Istanbul, 2015
Mit Herz und Hüfte
Die türkische Sprache enthält unterschiedliche Wörter für „Liebe“, die sogar Teil des Alltagsgebrauches sind. Mich persönlich faszinieren die dazugehörigen inhaltlichen Nuancen und der Klang ihrer Worte. Kaum ein türkisches Lied scheint ohne diese Lieben auszukommen. Ob alleine oder gemeinsam, auf den Straßen oder im Club: Textsicher und aus voller Inbrunst singen die Menschen ihre Liebes-Hymnen. Fast wie auf einem Helene-Fischer-Konzert, nur mit ein bisschen mehr Schwung aus der Hüfte.

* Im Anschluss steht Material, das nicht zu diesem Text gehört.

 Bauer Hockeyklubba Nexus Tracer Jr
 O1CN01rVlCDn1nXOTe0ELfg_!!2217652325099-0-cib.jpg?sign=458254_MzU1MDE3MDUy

Auch alltägliche Umgangsformen wirken bezeichnend für die Bedeutung der Liebe innerhalb einer Gruppe. Liebkosungen unter Freunden und Familienmitgliedern, gegenüber der Bedienung oder dem Gemüsehändler sind sehr geläufig: Mein Leben, meine Seele, meine Tochter, Bruder oder Onkelchen. Man muss sich vorher nicht begegnet sein, um einen liebevollen Umgangston miteinander zu teilen.
Von Liebe ist jedoch gerade immer weniger zu spüren und deshalb ist sie besonders gefordert. Die Liebesloblieder müssen lauter werden, ja fast penetrant. Denn schon eine ganze Weile ist das hier leider kein Helene-Fischer-Konzert mehr.